Extracted records:
# # # # # # #
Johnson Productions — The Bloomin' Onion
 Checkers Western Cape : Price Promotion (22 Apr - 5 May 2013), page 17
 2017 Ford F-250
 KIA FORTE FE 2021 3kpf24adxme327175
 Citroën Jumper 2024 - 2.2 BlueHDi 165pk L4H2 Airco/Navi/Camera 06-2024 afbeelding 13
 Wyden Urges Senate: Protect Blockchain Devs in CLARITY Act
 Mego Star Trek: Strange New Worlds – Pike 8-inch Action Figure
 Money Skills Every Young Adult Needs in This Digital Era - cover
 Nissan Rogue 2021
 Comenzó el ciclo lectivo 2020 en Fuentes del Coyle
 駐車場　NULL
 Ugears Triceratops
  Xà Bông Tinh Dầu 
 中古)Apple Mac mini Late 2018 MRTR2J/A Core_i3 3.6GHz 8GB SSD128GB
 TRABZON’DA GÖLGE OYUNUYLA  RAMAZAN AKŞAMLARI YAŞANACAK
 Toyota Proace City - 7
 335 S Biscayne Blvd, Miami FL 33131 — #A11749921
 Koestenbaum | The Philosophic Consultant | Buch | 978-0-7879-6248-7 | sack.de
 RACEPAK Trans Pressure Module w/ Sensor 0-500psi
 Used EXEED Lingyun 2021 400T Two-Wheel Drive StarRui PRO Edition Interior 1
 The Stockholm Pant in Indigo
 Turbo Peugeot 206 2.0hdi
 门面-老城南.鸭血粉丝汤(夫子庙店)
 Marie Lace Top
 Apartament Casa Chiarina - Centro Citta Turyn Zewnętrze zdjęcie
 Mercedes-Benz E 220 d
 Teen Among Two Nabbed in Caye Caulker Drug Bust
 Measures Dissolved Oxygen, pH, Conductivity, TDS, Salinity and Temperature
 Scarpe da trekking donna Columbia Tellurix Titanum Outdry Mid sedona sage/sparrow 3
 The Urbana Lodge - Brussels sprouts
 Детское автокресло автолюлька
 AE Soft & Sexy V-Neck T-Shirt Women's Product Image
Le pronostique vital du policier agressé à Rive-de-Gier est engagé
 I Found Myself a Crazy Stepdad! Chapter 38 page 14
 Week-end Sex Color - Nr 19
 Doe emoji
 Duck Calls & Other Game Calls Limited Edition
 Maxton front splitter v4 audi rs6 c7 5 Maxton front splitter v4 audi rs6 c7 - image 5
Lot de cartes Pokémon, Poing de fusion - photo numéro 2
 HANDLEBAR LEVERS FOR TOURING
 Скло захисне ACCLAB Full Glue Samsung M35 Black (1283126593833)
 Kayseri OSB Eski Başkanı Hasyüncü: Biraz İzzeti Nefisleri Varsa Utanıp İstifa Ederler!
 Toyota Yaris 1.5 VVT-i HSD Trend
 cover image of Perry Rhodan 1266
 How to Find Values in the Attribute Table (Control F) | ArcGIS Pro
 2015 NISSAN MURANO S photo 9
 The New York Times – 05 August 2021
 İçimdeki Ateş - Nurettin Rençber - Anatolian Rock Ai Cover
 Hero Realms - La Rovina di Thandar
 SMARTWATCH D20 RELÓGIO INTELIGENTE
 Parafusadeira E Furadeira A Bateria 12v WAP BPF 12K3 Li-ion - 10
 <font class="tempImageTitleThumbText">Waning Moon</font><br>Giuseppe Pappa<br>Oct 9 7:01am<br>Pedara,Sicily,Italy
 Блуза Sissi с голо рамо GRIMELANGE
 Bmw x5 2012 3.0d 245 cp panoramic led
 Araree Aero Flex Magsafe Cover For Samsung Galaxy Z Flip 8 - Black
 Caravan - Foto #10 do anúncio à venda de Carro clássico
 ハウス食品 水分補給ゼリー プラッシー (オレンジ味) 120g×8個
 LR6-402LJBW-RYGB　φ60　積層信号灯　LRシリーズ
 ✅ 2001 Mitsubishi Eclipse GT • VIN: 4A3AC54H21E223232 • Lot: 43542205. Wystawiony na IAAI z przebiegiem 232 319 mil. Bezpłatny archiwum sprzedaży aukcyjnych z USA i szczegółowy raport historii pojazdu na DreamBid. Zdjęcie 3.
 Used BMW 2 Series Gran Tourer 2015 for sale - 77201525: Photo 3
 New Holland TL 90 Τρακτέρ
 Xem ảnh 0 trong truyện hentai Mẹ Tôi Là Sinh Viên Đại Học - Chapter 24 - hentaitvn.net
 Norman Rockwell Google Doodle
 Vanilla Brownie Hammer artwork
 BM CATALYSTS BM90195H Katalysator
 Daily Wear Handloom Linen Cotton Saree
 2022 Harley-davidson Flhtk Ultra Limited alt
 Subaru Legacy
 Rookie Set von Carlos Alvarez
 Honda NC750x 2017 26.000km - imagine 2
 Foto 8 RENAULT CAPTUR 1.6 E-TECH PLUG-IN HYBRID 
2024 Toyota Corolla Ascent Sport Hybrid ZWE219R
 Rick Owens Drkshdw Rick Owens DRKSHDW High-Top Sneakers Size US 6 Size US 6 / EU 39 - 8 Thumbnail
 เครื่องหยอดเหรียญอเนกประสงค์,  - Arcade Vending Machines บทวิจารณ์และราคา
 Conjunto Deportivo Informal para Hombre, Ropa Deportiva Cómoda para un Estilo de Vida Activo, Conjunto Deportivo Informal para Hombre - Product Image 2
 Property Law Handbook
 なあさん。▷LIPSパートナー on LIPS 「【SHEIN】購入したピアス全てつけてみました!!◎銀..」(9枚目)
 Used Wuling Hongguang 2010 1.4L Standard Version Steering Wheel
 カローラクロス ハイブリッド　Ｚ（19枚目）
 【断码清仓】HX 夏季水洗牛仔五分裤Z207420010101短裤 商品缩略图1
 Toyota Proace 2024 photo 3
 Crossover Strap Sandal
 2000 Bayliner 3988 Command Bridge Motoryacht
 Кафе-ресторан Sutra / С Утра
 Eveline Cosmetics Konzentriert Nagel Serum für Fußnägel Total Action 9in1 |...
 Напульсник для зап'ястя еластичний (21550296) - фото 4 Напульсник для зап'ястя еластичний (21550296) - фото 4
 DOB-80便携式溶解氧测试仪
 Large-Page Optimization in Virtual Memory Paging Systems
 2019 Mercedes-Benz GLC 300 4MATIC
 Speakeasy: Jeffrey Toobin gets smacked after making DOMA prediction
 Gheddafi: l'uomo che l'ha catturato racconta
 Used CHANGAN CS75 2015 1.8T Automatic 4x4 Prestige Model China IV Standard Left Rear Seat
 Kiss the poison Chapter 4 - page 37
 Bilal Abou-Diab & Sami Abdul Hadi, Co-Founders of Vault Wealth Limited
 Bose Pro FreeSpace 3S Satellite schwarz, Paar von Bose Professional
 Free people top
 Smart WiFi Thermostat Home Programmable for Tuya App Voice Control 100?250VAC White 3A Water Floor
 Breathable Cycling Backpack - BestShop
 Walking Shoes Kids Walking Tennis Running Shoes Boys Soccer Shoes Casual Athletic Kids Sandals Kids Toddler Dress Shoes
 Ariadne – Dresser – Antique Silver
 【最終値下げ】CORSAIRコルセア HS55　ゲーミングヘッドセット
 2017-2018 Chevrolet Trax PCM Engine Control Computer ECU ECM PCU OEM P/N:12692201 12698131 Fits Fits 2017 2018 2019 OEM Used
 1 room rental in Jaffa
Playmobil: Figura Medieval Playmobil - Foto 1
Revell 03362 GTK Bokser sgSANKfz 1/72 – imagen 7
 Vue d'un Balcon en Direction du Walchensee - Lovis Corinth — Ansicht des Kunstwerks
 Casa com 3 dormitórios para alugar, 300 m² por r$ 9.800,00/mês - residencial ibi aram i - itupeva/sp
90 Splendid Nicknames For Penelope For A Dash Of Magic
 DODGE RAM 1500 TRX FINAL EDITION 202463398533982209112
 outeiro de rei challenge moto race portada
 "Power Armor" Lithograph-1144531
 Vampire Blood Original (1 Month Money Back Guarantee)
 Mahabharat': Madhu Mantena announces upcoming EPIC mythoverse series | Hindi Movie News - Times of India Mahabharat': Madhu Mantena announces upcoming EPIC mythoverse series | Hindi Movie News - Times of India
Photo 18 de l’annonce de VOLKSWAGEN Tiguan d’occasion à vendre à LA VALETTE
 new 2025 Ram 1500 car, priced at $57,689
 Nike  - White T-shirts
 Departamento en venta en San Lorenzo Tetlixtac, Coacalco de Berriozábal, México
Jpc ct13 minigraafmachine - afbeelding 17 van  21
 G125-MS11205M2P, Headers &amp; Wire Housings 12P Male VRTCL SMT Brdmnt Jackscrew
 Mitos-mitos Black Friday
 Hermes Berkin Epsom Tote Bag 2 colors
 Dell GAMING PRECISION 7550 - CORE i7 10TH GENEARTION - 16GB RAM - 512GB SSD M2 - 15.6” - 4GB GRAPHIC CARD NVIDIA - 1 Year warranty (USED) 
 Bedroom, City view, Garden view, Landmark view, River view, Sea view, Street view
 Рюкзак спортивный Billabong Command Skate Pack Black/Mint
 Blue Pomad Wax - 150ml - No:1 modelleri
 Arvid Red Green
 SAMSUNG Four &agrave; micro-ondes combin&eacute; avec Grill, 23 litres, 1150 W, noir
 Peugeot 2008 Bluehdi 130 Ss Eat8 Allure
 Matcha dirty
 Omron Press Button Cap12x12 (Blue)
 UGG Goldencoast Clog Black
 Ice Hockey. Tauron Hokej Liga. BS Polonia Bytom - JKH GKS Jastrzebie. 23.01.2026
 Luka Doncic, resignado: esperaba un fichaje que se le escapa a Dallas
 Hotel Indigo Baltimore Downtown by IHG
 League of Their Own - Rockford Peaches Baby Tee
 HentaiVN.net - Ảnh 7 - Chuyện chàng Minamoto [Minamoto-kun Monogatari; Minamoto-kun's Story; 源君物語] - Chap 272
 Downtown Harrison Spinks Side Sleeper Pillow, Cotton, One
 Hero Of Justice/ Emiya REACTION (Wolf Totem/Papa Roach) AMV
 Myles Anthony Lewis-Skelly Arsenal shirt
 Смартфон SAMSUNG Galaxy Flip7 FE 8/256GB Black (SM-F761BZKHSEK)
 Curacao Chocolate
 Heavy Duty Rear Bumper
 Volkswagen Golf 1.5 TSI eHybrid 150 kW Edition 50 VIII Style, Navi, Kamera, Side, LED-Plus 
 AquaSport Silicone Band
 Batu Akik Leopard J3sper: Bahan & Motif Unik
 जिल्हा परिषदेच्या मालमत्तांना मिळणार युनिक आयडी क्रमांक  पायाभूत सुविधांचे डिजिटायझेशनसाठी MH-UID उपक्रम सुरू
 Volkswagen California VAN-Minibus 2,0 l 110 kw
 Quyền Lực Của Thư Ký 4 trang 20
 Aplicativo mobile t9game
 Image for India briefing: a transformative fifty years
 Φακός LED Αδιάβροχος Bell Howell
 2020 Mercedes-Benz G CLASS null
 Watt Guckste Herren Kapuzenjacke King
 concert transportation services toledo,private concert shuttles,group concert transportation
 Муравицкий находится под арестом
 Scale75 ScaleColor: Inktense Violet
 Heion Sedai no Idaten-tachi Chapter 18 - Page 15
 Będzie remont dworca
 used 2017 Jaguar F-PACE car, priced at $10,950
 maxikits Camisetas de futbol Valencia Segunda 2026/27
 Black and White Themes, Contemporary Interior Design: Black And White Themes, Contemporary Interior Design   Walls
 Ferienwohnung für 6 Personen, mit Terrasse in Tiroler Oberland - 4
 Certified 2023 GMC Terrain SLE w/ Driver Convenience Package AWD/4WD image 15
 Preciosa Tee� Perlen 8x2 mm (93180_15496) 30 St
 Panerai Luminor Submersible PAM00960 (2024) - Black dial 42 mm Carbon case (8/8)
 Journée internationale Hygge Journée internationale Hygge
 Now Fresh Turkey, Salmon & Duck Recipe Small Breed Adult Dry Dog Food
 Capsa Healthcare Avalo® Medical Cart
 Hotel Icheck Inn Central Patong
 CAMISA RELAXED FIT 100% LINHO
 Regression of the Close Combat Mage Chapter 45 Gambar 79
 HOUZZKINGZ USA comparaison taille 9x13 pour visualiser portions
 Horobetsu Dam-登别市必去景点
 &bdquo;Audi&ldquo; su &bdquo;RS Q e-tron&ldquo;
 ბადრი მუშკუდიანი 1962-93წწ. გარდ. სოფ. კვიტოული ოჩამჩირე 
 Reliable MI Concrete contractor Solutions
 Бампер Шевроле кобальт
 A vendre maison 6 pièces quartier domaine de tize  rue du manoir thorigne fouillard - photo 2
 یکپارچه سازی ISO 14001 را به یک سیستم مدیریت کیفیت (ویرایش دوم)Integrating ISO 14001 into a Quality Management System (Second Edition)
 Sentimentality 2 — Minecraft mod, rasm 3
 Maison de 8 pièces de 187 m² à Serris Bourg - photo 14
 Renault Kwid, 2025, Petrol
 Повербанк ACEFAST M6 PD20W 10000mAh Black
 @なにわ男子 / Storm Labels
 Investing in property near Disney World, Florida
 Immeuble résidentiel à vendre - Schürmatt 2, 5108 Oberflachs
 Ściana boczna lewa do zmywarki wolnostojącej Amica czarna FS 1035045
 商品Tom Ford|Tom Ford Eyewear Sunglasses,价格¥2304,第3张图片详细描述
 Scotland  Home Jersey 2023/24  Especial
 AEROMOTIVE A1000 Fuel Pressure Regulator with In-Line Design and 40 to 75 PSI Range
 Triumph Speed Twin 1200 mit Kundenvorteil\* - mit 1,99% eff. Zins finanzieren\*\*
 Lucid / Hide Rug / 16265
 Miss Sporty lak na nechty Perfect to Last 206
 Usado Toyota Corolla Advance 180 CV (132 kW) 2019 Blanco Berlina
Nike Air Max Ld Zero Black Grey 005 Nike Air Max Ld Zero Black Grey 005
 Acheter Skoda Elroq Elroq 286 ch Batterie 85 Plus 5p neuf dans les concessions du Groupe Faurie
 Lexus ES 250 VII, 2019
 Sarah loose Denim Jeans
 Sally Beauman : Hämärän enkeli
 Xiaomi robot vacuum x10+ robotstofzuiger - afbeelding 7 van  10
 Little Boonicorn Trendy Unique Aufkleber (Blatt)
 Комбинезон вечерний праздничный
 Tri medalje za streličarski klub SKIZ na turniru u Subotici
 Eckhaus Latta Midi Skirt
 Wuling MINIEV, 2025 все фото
# # # # # # #
● **TASK DETAILS**
Reproduce exactly the lines above from the line with "2024 Toyota Corolla" to the line with "Bilal Abou-Diab &", including both, and add nothing.

● **RESPONSE AREA**
2024 Toyota Corolla Ascent Sport Hybrid ZWE219R
 Rick Owens Drkshdw Rick Owens DRKSHDW High-Top Sneakers Size US 6 Size US 6 / EU 39 - 8 Thumbnail
 เครื่องหยอดเหรียญอเนกประสงค์,  - Arcade Vending Machines บทวิจารณ์และราคา
 Conjunto Deportivo Informal para Hombre, Ropa Deportiva Cómoda para un Estilo de Vida Activo, Conjunto Deportivo Informal para Hombre - Product Image 2
 Property Law Handbook
 なあさん。▷LIPSパートナー on LIPS 「【SHEIN】購入したピアス全てつけてみました!!◎銀..」(9枚目)
 Used Wuling Hongguang 2010 1.4L Standard Version Steering Wheel
 カローラクロス ハイブリッド　Ｚ（19枚目）
 【断码清仓】HX 夏季水洗牛仔五分裤Z207420010101短裤 商品缩略图1
 Toyota Proace 2024 photo 3
 Crossover Strap Sandal
 2000 Bayliner 3988 Command Bridge Motoryacht
 Кафе-ресторан Sutra / С Утра
 Eveline Cosmetics Konzentriert Nagel Serum für Fußnägel Total Action 9in1 |...
 Напульсник для зап'ястя еластичний (21550296) - фото 4 Напульсник для зап'ястя еластичний (21550296) - фото 4
 DOB-80便携式溶解氧测试仪
 Large-Page Optimization in Virtual Memory Paging Systems
 2019 Mercedes-Benz GLC 300 4MATIC
 Speakeasy: Jeffrey Toobin gets smacked after making DOMA prediction
 Gheddafi: l'uomo che l'ha catturato racconta
 Used CHANGAN CS75 2015 1.8T Automatic 4x4 Prestige Model China IV Standard Left Rear Seat
 Kiss the poison Chapter 4 - page 37
 Bilal Abou-Diab & Sami Abdul Hadi, Co-Founders of Vault Wealth Limited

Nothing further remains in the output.